US split on future relations with China

By Robert A. Manning Source:Global Times Published: 2016-5-8 19:48:01

Illustration: Liu Rui/GT



As China has increasingly revealed its growing economic, diplomatic, and military strength in the period since the 2008-09 global financial crisis, the US consensus on China policy has eroded, sparking debate about future policy.

Even as the Obama administration rolled out its "rebalance" in 2011 to demonstrate the importance it attached to the Asia-Pacific, some of the core assumptions that have guided US policy under eight US presidents, from Nixon to Obama, have been called into question.

The first is that China reformed and modernized its economy post-1979, its GDP skyrocketed from $200 million in 1980 to $10.3 trillion in 2014. US policy has assumed that as China prospered and a middle class grew, political reform, if not democratization, would follow.

The second assumption has been that as it integrated itself into the globalized economic and political system, China, which has been a major beneficiary of the US-led system, would see its interests best served by being a "responsible stakeholder" in that system.

A growing chorus of US voices argue that the current US-China relationship, one of cooperating where possible and managing differences, needs rethinking.
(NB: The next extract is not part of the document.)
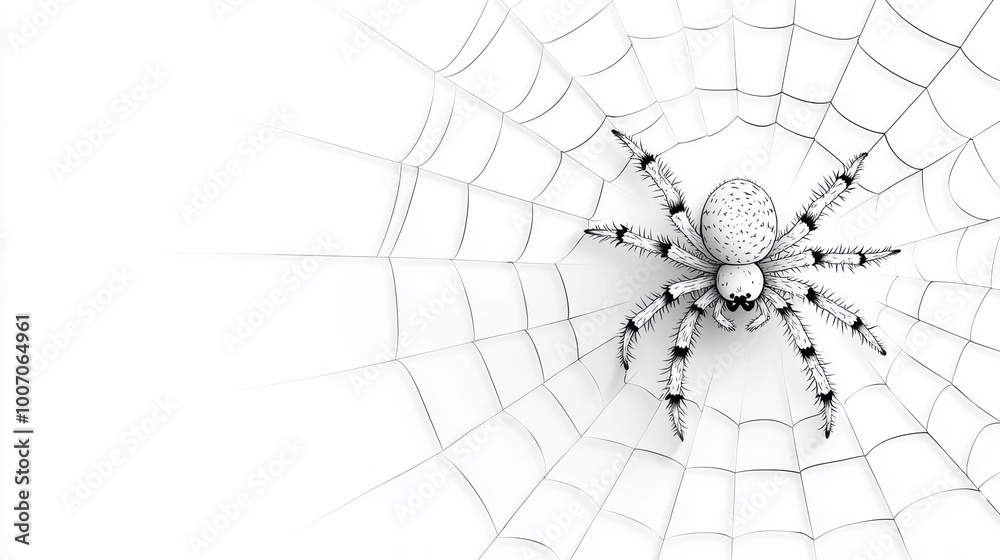 Fototapeta premium Coloring Book Halloween Spider A close up illustration of a spider spinning a web with intricate details highlighting the silk threads and the spider eight legs in a coloring book for Halloween.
Some in the US, like Pacific Command Commander Admiral Harry Harris, argue that China seeks a hegemonic role in the Asia-Pacific. They recognize the complexities of the relationship but see China as more of a threat than a partner, one seeking alternatives to the open, rules-based international order.

Those in this camp call for containing China, strengthening US military capabilities in the Pacific as well as alliances and security partners, countering Beijing in the South and East China Seas, and denying technology exports. Some also advocate isolating China from regional trade agreements like the Trans-Pacific Partnership (TPP).
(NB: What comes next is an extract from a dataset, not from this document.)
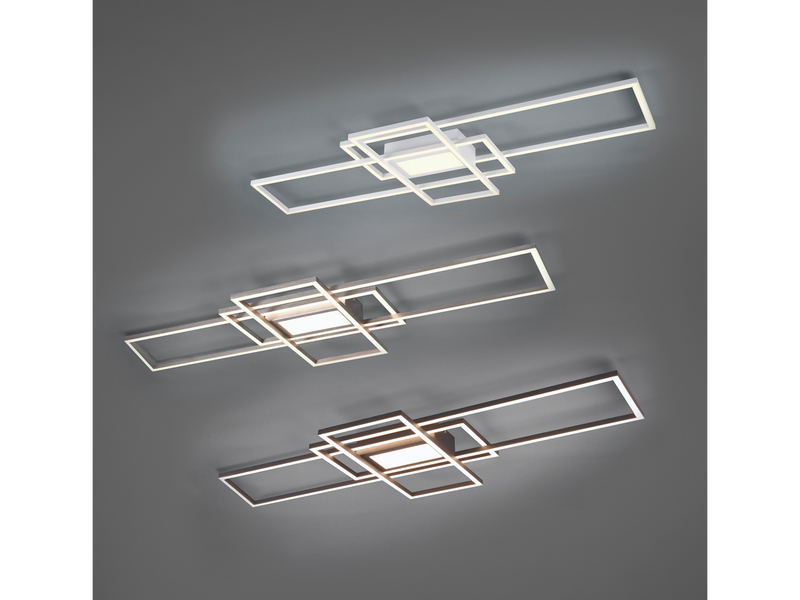 Große LED Deckenleuchte IRVINE Weiß mit Fernbedienung, Breite 105cm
A variation of containment seeks to press China on human rights and democracy with the hope of creating a "color revolution." This logic is that a Western-style democracy would make China just like us. But in truth, regardless of its political system, nationalism would persist and China would still be a rising great power.

This approach is dubious on several levels. Unlike the Soviet Union, China is integral to a globalized economy, an integrated regional economy and the largest trade and investment partner of every US ally. How can it be isolated? The toothpaste is out of the tube. Beijing holds $1.3 trillion in US Treasury bonds, helping fund the US budget deficit.

It was a naive assumption to think that a rising great power like China would simply accept rules it had no say in making and not want a larger voice in shaping global institutions.

Another flaw in a containment strategy is the notion that US allies and partners in the region will align with the US in a confrontation with China. All actors are hedging against uncertainty, including the US and China. The US pivot is aimed at counter-balancing China, and is desired by US allies and partners in the region. But everyone's worst nightmare in Asia is having to choose between the US and China. Doubts about US reliability persist, but all know that geography will not change.

But there are also those who argue that rising Chinese influence is inevitable and that the US and China need to find a mutual accommodation. They support the US effort to counter-balance China, but argue that global and regional stability compel the US and China to cooperate where interests overlap - the global economy, climate change, terrorism, nuclear security, etc.

Some envision a variation of current policy, cooperating broadly, combined with a process of managing and narrowing differences. Others argue that an evolving Sino-US relationship will struggle to find a balance of interests, as Deng Xiaoping put it, "crossing the river by feeling for stones."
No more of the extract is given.